AGI safety protocols and issues
Specification in AGI systems defines a system’s goal and makes sure it aligns with the human developer’s intentions and motives. These systems follow a pre-specified algorithm that allows them to learn from data, which helps them to achieve a specific goal. Meanwhile, both the learning algorithm and the goal are given by the human designer—for example, goals like minimising a prediction error or maximising a reward. During training, the system will try to complete the objective, irrespective of how it reflects on the designer’s intent. Hence, designers should take special care and clarify an objective that will lead to the desired or optimal behaviour.
If the goal is a poor proxy for the intended behaviour, the system will learn the wrong behaviour and consider it as “misspecified.” This is a likely outcome where the specified goal does not align with the desired behaviour.
In order to adhere to AGI safety, the system designer must understand why it behaves the way it does and will it ever align with that of the designer. A robust set of assurance techniques has already existed in old-gen systems. But, they are poorly suited to modern machine learning systems like deep neural networks. In addition, interpretability (also sometimes called explainability) can help us understand a machine’s decision-making and also learn to build systems that are easier to understand or interpretable. In this way, human operators can guarantee a system works as intended and will receive an explanation during unexpected behaviour.
Other issues such as reward corruption, reward gaming, and negative side effects have become sub-criteria of problems in AGI as depicted by DeepMind and OpenAI agendas. The biggest issue is how do we create an agent that pursues the goals we have designed? MIRI explains an escape route called value specification, which involves decision theory and logical omniscience.

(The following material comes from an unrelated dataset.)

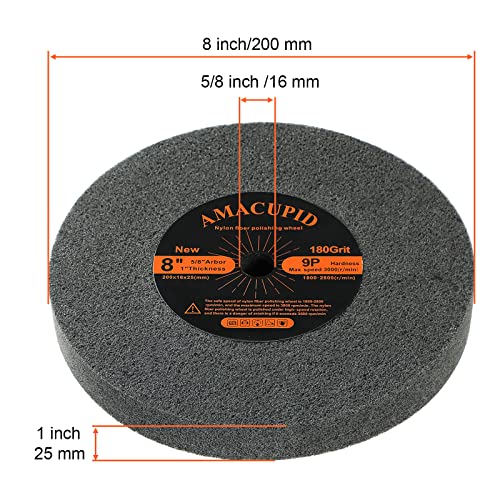 AmaCupid Deburring Wheels, Nylon Fiber Buffing Wheel 8 inch 9P Hardness. Polishing Stainless Steel, etc. Silicon Carbide Abrasive. for Bench Grinder Polishing Machine. 5/8 inch Arbor, 180 Grit - Image 4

As we move closer and closer towards creating a human-level intelligence, corrigibility or, in fact, self-corrigibility of the agent must be taken into account. Any mishap during its construction might lead to technical glitches and malfunction. Hence, it is yet to be seen if the agent will work along with the humans to fix the problem (error-tolerant design). Another relevant issue is whether humans can relate to the agent’s choices. Even if we are successful in creating the world’s first human-level AGI, it does not guarantee that we humans will relate to it.

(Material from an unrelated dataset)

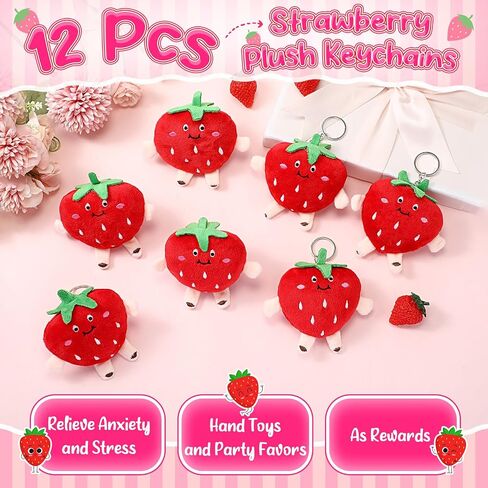 XunYee 24 Pcs Cute Strawberry Fruit Keychains Strawberry Plush Pendant Red Strawberry Plush Stuffed Keychain Kawaii Strawberry Purse Charm Strawberry Goodie Bag for Strawberry Party Favor Supplies in Saudi Arabia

Apart from the technicalities and scientific concerns, one of the biggest hindrances to human-level intelligence are societal consequences or decisions. AGI must be able to tackle sizable legal, economic, political, and military scenarios. DeepMind is also working towards developing a human-conscience agent with respect to AGI. AGI safety procedures must precede the deployment in high-stakes settings. Meanwhile, robustness, assurance, and specification are important parts of AI safety that help create or use reliable and safe AGI systems.